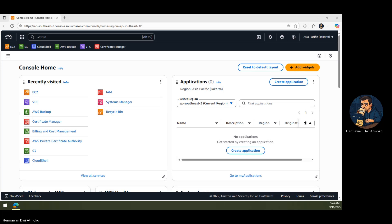So in this video, we're going to start from scratch. We'll build a VPC, launch an EC2 instance, and test what happens before and after attaching an Internet Gateway. By the end, you'll see exactly why this component is so important and how to configure it properly. Stay tuned, and let's begin our journey into AWS networking with the Internet Gateway.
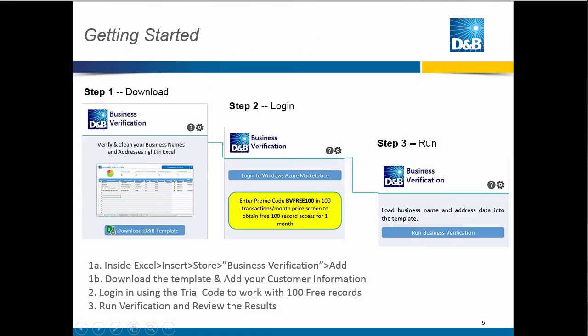To recap, the steps to get the business verification are really simple. Go inside Excel on the Insert Ribbon to the Store button — or the Add-Ins button, depending on which version of Excel 2013 you have — then type Business Verification and click Add. Do the various authorizations that pop up, then download the template, delete out D&B's sample information, and put the information you have about your customers in the template: the company name, the state, and the country code at minimum, and more if you have it. Then click the Login button to access the service — you can use the trial code for 100 free records — and then run your verification and look at the results.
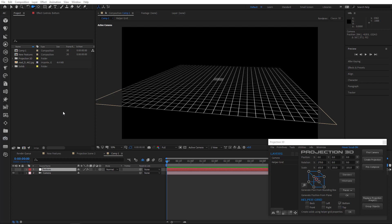Hi guys! In this tutorial, we'll explore some of the new Projection3D features. So let's get started.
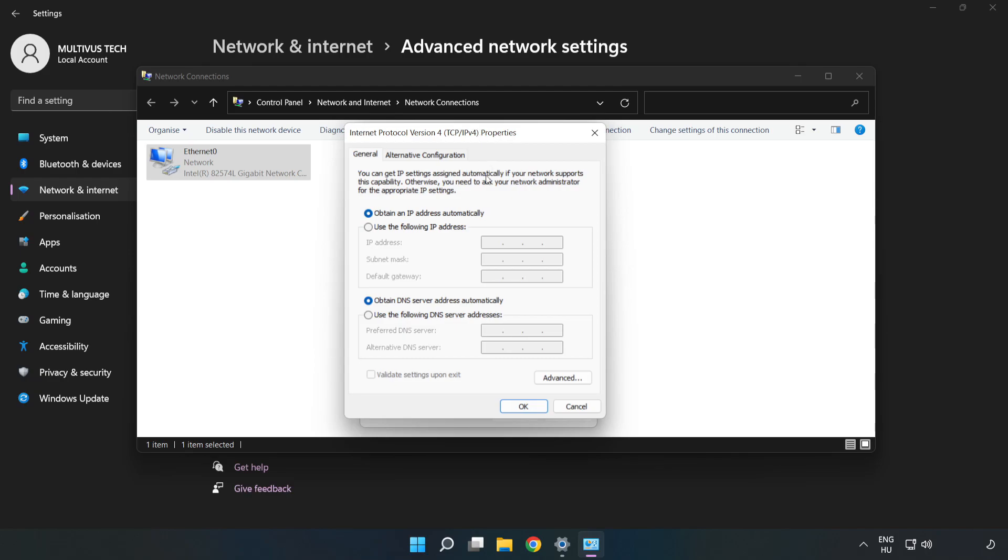Click Use the Following DNS Server Addresses. Type 8.8.8.8 for the preferred DNS server, then type 8.8.4.4 for the alternate DNS server.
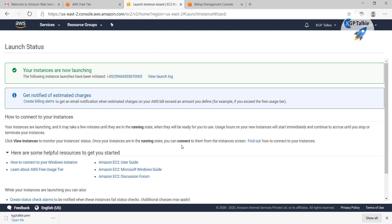This launch instance might take some time to boot up. So what I am going to do here, I am going to stop this video and start in the next video, and then I will show you how you can get connected with your EC2 instance. I will see you in the next lesson.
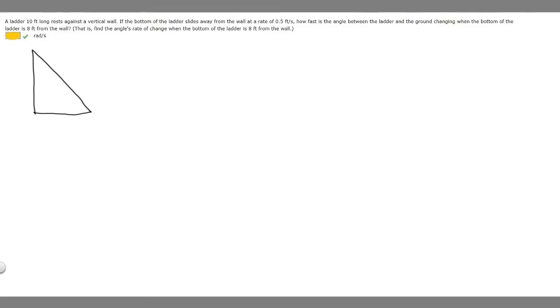In this problem we're told that an 11-foot long ladder rests against a vertical wall. If the bottom of the ladder slides away from the wall at a rate of 0.5 feet per second, how fast is the angle between the ladder and the ground changing when the bottom of the ladder is 8 feet from the wall?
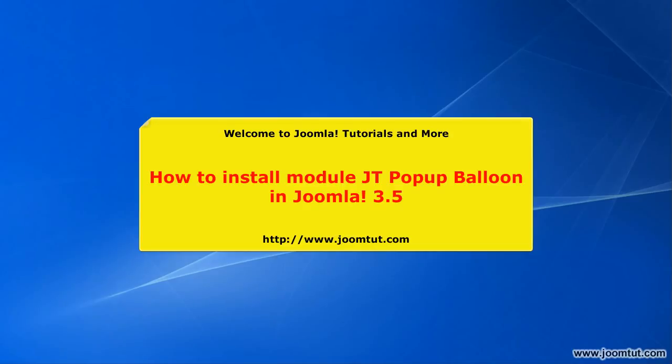Welcome to Joomla Tutorials and more! In this video, we will guide you how to install Module JT Pop-Up Balloon in Joomla 3.5.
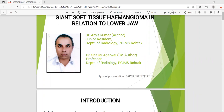Myself, Dr. Amit Kumar, resident, PGI-MS, Rohtak Radiology Department. My topic for presentation is giant soft tissue angioma in relation to the lower jaw.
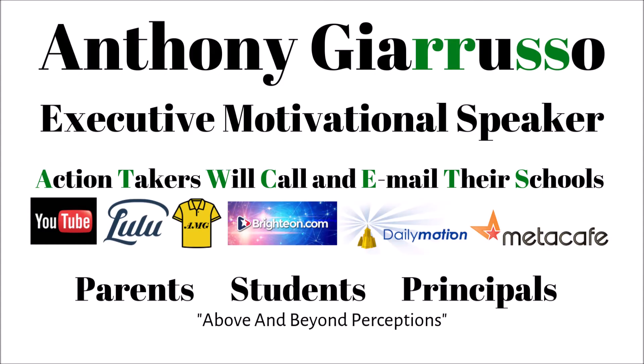Great people after watching this video will email a principal to inform that person about Executive Motivational Speaker Anthony Drusso. Average people will inform the principal by email tomorrow.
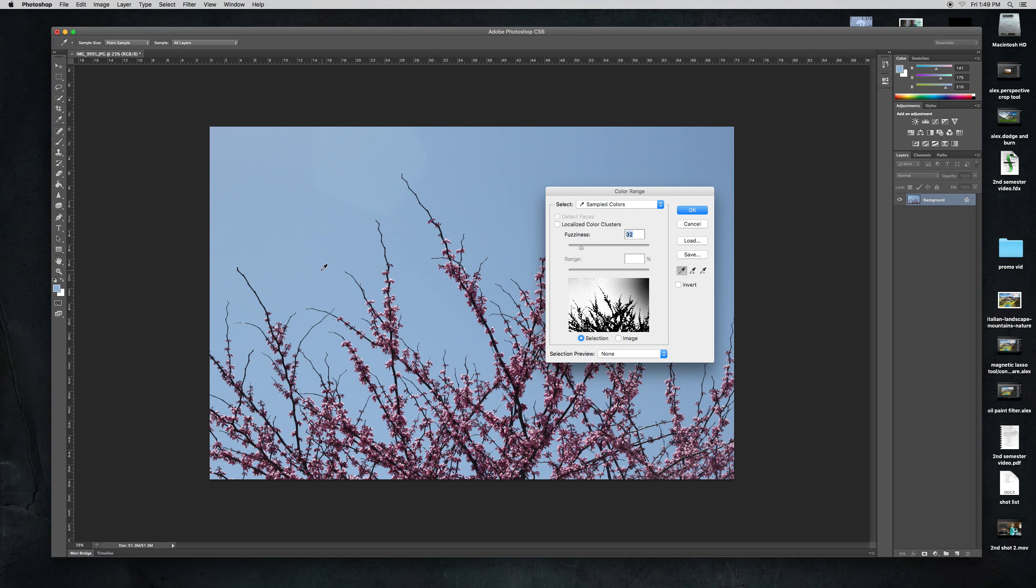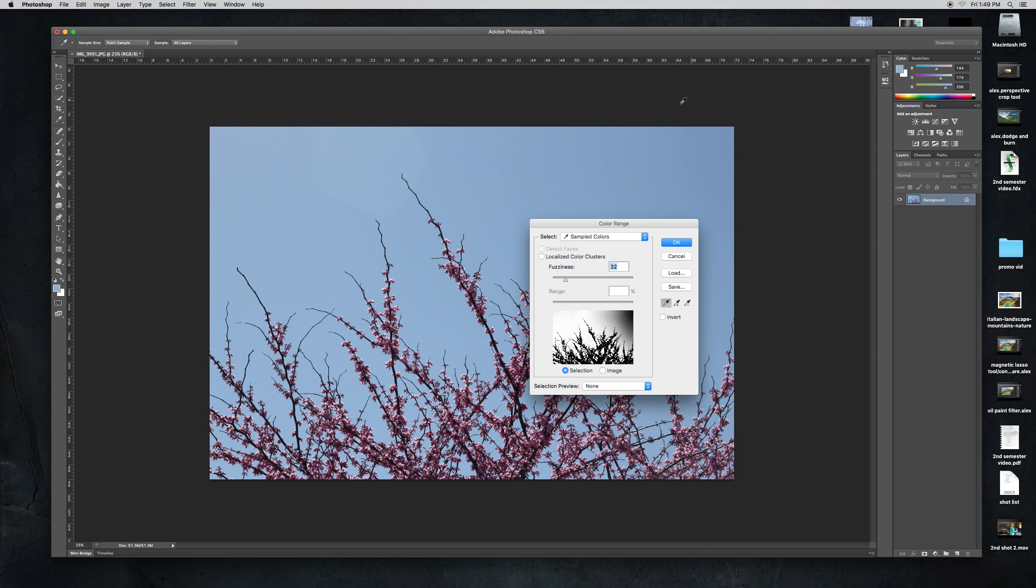And so I'm selecting the sky right here and you can see what I selected is white but right here is still black so I'm going to click this which is going to add the selection.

---*---

» **TASK TO COMPLETE**: The line that contains "Great people after" begins the part to retype, and the last line of the records above ends it. Retype both and everything between, exactly, without the pictures.

» **ANSWER BOX**:
Great people after watching this video will email a principal to inform that person about Executive Motivational Speaker Anthony Drusso. Average people will inform the principal by email tomorrow.
And so I'm selecting the sky right here and you can see what I selected is white but right here is still black so I'm going to click this which is going to add the selection.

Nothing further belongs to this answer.